SOURCE MATERIAL:
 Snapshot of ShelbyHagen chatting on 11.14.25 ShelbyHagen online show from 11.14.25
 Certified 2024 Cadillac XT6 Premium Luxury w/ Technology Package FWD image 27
--
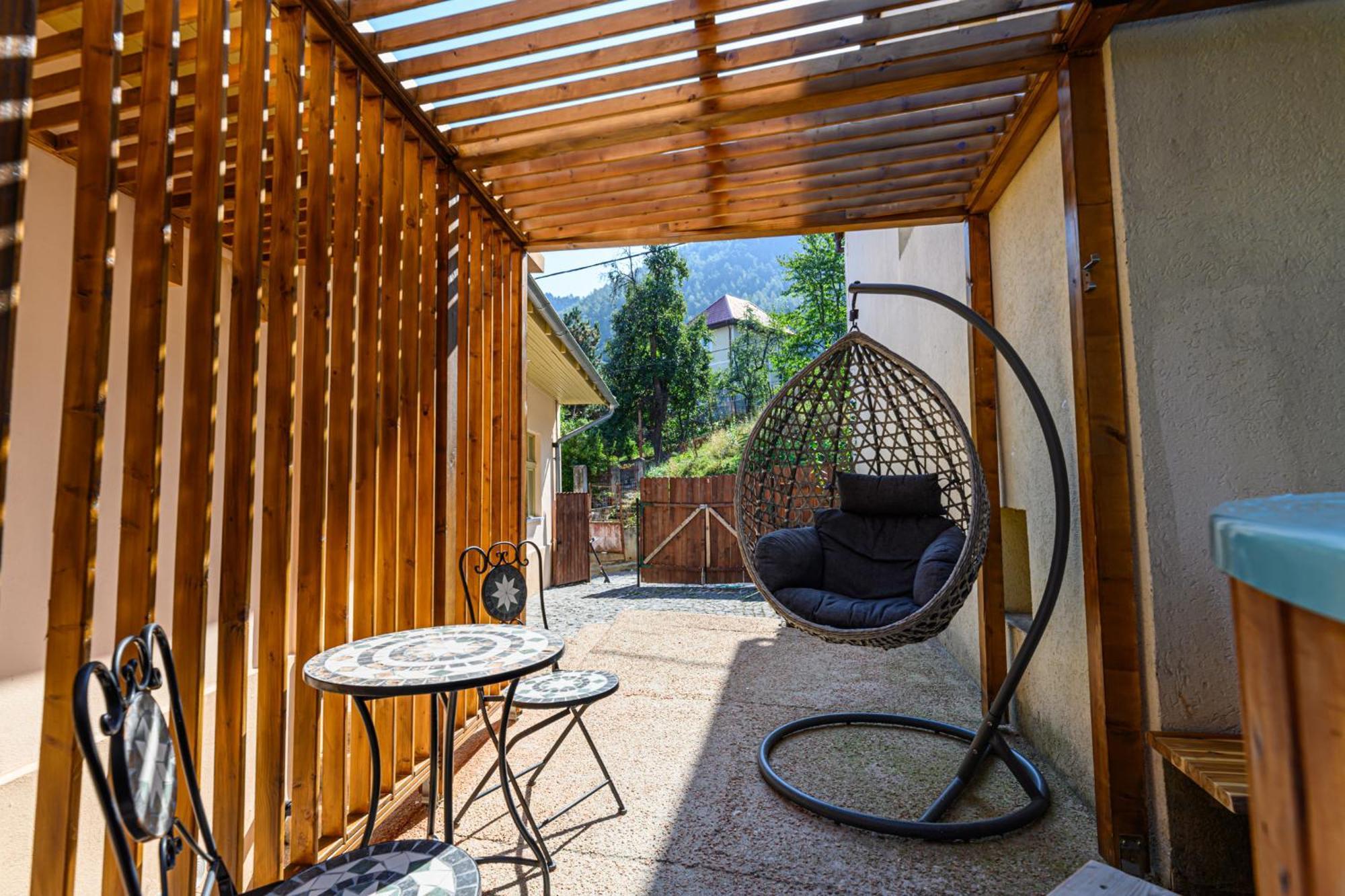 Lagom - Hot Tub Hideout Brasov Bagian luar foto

WORK INSTRUCTIONS: Once you find the line with "Snapshot of ShelbyHagen" above, print it and every line after it up to and including the line with "Certified 2024 Cadillac", exactly as written and nothing else.

ANSWER TO THIS TASK:
 Snapshot of ShelbyHagen chatting on 11.14.25 ShelbyHagen online show from 11.14.25
 Certified 2024 Cadillac XT6 Premium Luxury w/ Technology Package FWD image 27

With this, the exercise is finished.